It was not so long ago a typical media daily diet began with a newspaper at the end of the driveway, shifted to drive-time listening of Bloomberg Radio (or Howard Stern), went dark for most of the day until arriving home to watch the evening news with Walter Cronkite, and then finished with leisurely browsing through the latest Time magazine that arrived two weeks ago via USPS. We had a fairly predictable window of media consumption and there wasn’t much access, or time, for unimportant content.
While that multi-platform media diet that surrounds us throughout the day is still very much in existence, there has been a not-so-gradual shift in our consumption patterns over the last two decades, especially for those under 30. In particular, we’re no longer tied to specific times of content delivery, limited by format type, or dependent on an inadequate number of content providers. We get what we want, when we want it, on whatever device we choose, from thousands of “publishers.” And, most importantly, we’re getting as much as we want. In fact, we’re getting more than we want.

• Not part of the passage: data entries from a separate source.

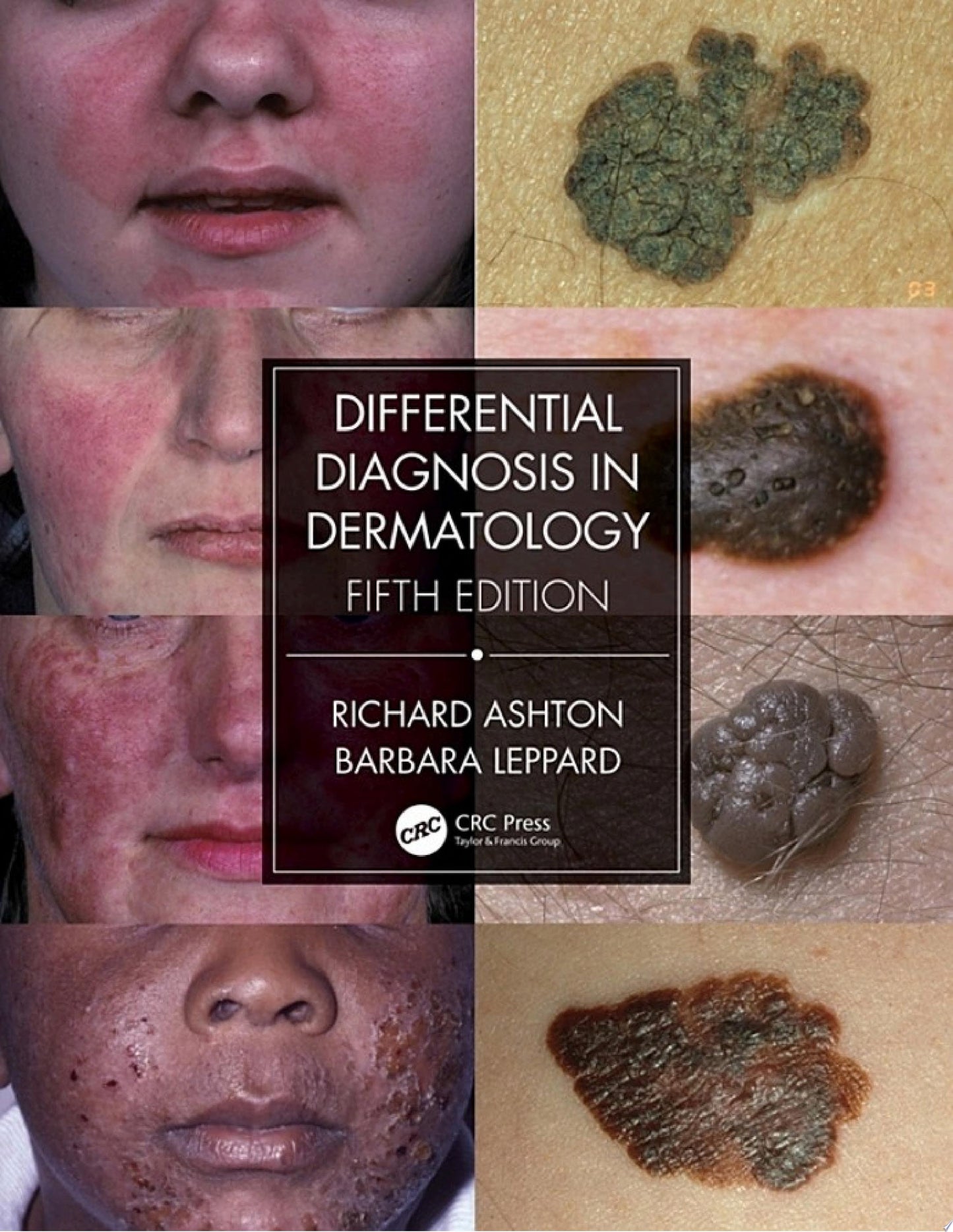 Differential Diagnosis in Dermatology, 5th Edition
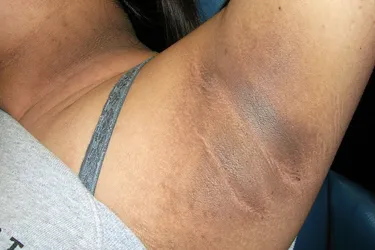 Acanthosis nigricans. Also called Velvety plaques, this is a thickening of the outer layer of skin resulting in a discoloration of brown-to-black. They can develop in the folds of the armpit, groin and/or neck and can start showing up during childhood or adulthood. Seeing this condition suggests diabetes or simply obesity. In rare cases acanthosis nigricans occurring in other places, such the hands or lips, may indicate an internal malignancy.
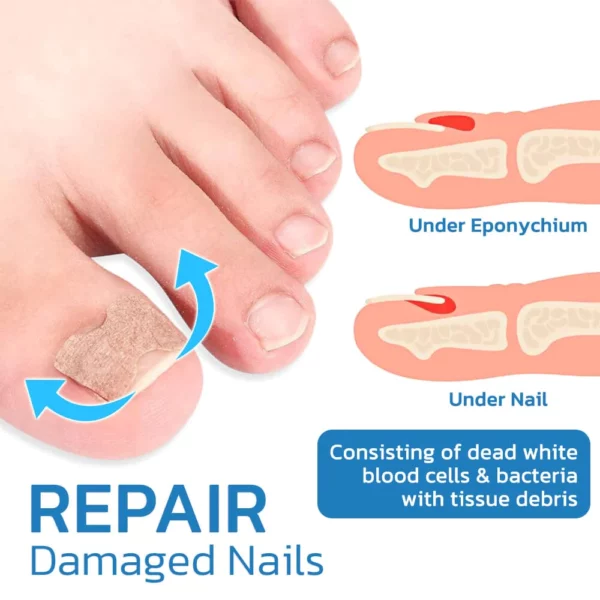 GFOUK™ German ToenailHeal Paronychia Relief Patch - Image 7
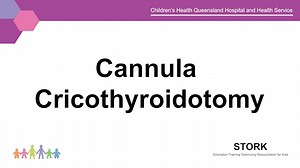 Cannula Cricothyroidotomy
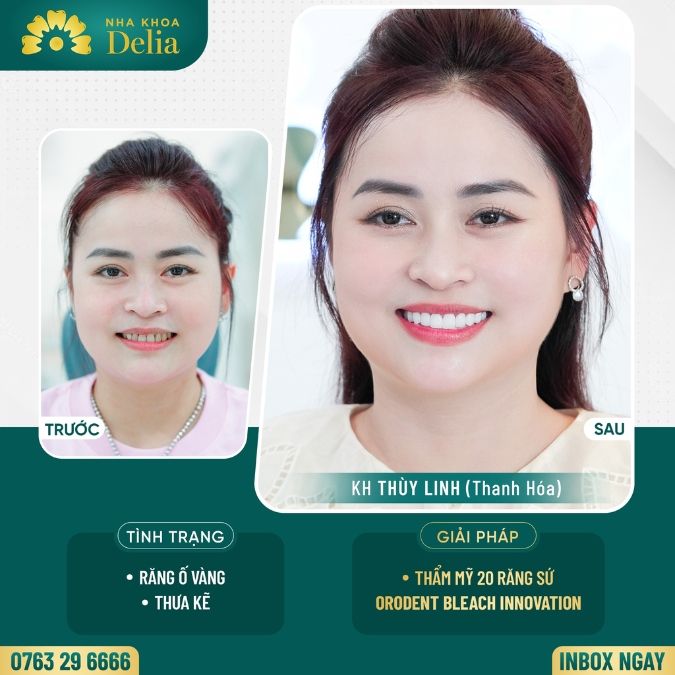 Răng cửa bọc sứ Orodent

I don’t look back on the old days of media consumption — pre-social — with a particularly strong fondness, because I have grown to deeply appreciate the unrivaled disccovery power of the platforms. Rather than lament this transformation, I love the wonderful stories unearthed in my news feeds. Whether it’s a brilliant essay by Ta-Nehisi Coates of The Atlantic on Ferguson, Paul Ford’s sweeping explainer on writing code in Bloomberg Businessweek, or Sarah Stillman’s moving New Yorker piece on missing children…or even, the hilarious and touching video of a father and daughter doing a “rap-off,” or the eye-popping video of Mick Fanning avoiding a shark attack. Sure, if you were a subscriber to those storied magazines or an avid browser of YouTube, you might have seen all those pieces, but likely not. Without my networks, I know I would have missed many of these.
However, surrounding all those gems is a firehose of noise, increasingly irritating noise that we struggle to filter out. Dozens of daily animal videos, fraternity brothers pranking each other, ideological fact-challenged arguments for or against climate change, Planned Parenthood, or Donald Trump, repurposed stories about fallen ’80s child actors, slideshows of photogs getting the most (in)opportune shots, and dozens of lists that help me look younger. We have reached the top.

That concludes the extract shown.